Would you please restate the data exactly as it stands, apart from the pictures?

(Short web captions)
--------------------------------------------------

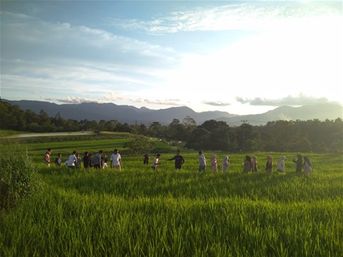 Tour Minang Mandeh Bukittingi 3d2n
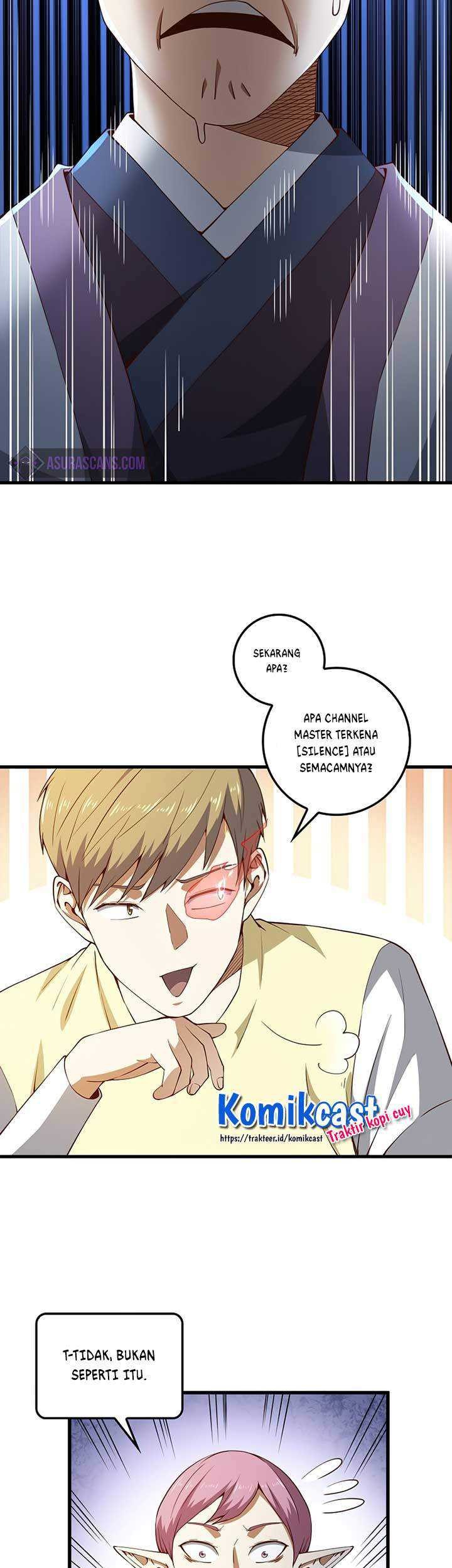 The Lord’s Coins Aren’t Decreasing?! Chapter 41 - halaman 16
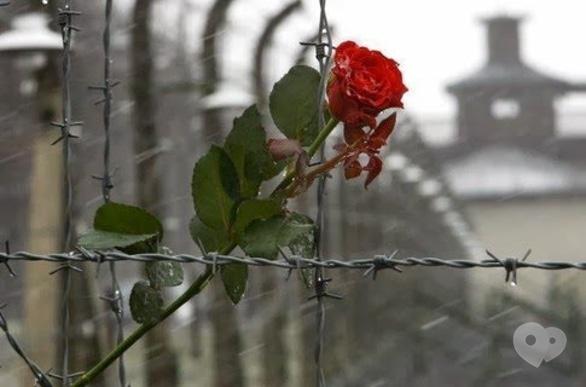 Навчання - Тематична екскурсія 'Жертви ненависті'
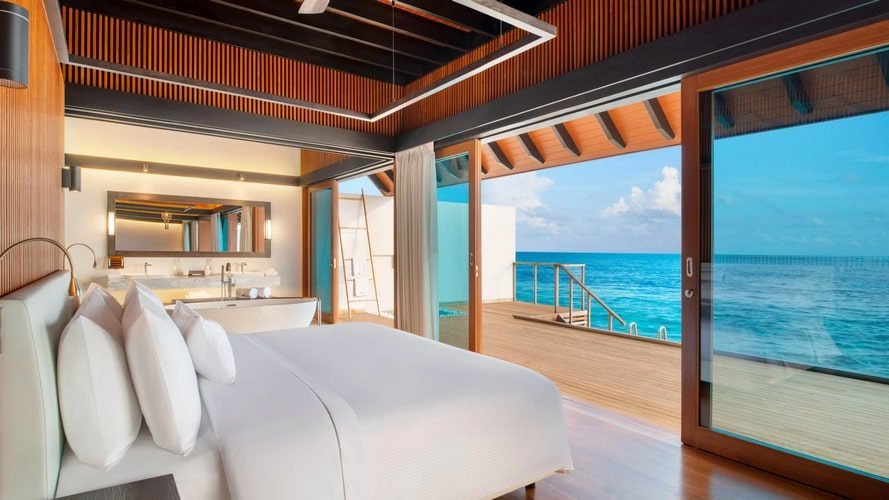The Westin Maldives Miriandhoo Resort - Hotéis - Turvicam The Westin Maldives Miriandhoo Resort - Hotéis - Turvicam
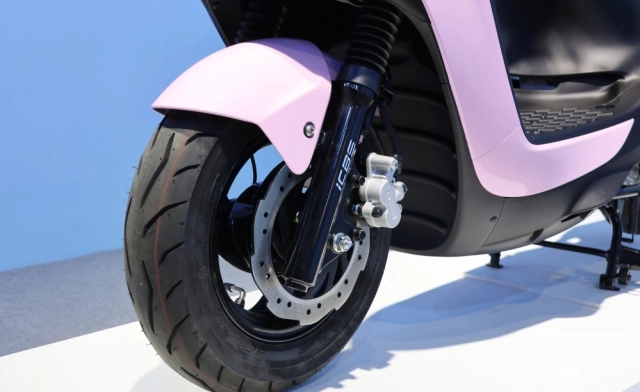 Kymco yogurt 125 2025 một chiếc xe ga thú vị nhưng có giá bán làm nhiều chị em chùn bước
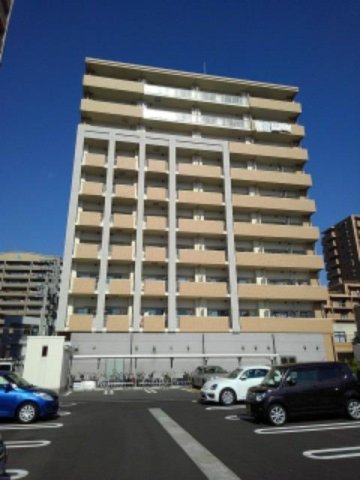 倉敷市幸町の賃貸マンション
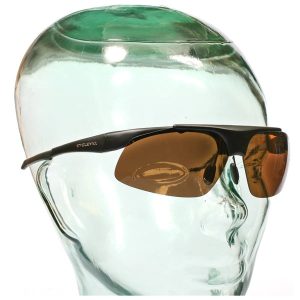 Eye Level Challenger Black Framed Sunglasses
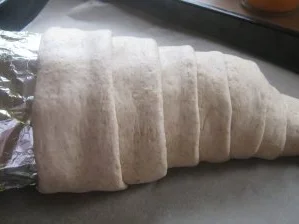 Brotfüllhorn - Rezept - Bild Nr. 3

--------------------------------------------------

Response for this exercise.
 Tour Minang Mandeh Bukittingi 3d2n
 The Lord’s Coins Aren’t Decreasing?! Chapter 41 - halaman 16
 Навчання - Тематична екскурсія 'Жертви ненависті'
The Westin Maldives Miriandhoo Resort - Hotéis - Turvicam The Westin Maldives Miriandhoo Resort - Hotéis - Turvicam
 Kymco yogurt 125 2025 một chiếc xe ga thú vị nhưng có giá bán làm nhiều chị em chùn bước
 倉敷市幸町の賃貸マンション
 Eye Level Challenger Black Framed Sunglasses
 Brotfüllhorn - Rezept - Bild Nr. 3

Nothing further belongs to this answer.